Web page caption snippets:
==========
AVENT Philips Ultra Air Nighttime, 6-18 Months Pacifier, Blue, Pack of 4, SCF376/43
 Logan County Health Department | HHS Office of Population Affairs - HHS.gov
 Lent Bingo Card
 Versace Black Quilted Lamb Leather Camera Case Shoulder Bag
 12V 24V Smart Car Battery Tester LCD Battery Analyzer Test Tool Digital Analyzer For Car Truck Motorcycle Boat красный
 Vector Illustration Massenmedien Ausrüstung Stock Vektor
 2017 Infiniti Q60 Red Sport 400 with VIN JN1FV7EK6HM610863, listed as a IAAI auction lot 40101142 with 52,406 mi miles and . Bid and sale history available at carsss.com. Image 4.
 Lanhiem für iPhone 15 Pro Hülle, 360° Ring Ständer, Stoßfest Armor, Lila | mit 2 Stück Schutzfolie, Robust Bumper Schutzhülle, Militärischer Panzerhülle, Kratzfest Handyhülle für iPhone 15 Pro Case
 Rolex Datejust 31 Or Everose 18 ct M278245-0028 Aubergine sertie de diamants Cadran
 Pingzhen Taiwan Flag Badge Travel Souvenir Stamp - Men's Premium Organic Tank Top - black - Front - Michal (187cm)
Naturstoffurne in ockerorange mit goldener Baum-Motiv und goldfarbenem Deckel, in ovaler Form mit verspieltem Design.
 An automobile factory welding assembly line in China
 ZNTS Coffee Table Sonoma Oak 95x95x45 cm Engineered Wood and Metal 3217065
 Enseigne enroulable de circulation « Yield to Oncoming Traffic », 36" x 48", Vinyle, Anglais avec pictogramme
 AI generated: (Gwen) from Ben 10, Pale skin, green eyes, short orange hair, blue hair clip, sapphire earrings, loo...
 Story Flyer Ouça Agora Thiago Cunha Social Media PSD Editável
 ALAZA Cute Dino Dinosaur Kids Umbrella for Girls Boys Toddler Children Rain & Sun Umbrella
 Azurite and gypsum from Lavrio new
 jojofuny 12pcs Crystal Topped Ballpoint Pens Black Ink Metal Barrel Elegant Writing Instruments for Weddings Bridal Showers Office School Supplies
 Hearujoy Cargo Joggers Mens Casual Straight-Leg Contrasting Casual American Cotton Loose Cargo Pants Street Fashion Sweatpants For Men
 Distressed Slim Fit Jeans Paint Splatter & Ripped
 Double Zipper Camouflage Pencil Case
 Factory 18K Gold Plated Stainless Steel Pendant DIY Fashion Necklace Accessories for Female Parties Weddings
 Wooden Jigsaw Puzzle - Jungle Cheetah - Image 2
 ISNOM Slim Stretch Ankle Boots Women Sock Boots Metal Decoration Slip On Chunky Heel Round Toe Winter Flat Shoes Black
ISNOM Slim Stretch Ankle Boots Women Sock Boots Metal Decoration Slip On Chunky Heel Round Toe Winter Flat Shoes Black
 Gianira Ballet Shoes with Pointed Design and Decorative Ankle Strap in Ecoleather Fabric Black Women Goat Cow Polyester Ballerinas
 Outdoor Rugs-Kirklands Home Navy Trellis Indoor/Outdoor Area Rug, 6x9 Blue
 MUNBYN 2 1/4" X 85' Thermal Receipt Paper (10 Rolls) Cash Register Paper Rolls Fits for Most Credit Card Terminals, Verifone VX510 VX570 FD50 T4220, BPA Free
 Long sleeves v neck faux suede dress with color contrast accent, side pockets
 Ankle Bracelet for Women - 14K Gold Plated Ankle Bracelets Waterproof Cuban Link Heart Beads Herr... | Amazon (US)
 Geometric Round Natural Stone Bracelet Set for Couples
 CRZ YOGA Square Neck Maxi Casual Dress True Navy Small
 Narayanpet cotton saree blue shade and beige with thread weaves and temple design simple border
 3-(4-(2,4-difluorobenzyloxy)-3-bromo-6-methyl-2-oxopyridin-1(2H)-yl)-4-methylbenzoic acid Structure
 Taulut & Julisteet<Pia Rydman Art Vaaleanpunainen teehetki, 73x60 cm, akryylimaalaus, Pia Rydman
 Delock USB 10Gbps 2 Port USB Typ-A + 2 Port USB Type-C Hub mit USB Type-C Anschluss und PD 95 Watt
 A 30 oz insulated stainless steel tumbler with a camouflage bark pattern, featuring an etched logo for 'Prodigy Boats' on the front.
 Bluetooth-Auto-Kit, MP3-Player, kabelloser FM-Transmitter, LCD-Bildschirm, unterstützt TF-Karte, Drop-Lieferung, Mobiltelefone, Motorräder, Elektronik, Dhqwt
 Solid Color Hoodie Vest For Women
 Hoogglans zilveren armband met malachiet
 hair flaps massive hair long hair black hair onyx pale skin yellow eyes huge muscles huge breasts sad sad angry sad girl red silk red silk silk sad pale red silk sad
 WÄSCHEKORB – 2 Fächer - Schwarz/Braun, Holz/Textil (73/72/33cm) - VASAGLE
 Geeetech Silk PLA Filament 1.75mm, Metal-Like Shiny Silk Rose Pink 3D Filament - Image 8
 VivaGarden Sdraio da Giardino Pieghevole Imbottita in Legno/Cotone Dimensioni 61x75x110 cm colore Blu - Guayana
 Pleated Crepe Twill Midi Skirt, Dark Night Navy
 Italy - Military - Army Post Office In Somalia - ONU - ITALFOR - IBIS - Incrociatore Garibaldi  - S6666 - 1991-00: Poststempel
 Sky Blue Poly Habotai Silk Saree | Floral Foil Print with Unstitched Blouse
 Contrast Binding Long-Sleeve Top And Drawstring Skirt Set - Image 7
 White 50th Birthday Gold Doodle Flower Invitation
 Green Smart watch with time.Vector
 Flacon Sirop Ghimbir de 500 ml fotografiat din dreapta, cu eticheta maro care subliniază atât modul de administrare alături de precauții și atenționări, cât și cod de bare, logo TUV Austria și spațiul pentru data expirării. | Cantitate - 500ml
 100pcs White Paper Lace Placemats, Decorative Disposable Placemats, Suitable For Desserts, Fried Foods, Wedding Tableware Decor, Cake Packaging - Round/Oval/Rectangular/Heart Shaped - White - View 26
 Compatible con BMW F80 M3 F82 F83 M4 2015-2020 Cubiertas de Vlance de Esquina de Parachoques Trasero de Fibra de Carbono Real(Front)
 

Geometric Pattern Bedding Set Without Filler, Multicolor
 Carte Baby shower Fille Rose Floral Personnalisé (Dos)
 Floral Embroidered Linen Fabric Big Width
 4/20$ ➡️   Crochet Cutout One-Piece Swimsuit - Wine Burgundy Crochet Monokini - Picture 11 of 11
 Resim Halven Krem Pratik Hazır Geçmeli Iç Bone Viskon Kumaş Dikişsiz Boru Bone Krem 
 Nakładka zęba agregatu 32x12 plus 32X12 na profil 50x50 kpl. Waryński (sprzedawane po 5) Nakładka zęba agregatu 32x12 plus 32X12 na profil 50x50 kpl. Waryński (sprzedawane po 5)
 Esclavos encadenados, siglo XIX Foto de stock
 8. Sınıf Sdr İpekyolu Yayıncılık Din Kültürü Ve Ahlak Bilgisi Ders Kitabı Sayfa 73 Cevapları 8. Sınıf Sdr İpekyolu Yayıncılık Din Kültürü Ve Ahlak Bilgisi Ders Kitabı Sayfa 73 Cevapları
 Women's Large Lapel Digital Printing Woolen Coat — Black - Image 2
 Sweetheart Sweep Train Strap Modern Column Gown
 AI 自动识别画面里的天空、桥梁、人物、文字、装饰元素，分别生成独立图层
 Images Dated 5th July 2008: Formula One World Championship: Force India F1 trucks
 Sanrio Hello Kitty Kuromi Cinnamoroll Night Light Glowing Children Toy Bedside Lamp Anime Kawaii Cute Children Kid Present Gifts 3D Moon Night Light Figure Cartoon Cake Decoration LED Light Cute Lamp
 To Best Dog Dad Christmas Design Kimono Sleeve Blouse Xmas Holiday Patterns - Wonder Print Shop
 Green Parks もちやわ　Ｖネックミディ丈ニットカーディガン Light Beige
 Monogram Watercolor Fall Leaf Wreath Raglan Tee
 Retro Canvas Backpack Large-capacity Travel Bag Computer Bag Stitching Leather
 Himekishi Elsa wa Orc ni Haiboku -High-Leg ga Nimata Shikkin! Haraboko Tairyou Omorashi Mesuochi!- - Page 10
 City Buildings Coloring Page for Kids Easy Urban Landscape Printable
==========
> **PROBLEM**
Restate, word for word, the final stretch of the entries above: the line containing "Monogram Watercolor Fall" and every line after it, up to and including the last.

> **EXERCISE SOLUTION**
 Monogram Watercolor Fall Leaf Wreath Raglan Tee
 Retro Canvas Backpack Large-capacity Travel Bag Computer Bag Stitching Leather
 Himekishi Elsa wa Orc ni Haiboku -High-Leg ga Nimata Shikkin! Haraboko Tairyou Omorashi Mesuochi!- - Page 10
 City Buildings Coloring Page for Kids Easy Urban Landscape Printable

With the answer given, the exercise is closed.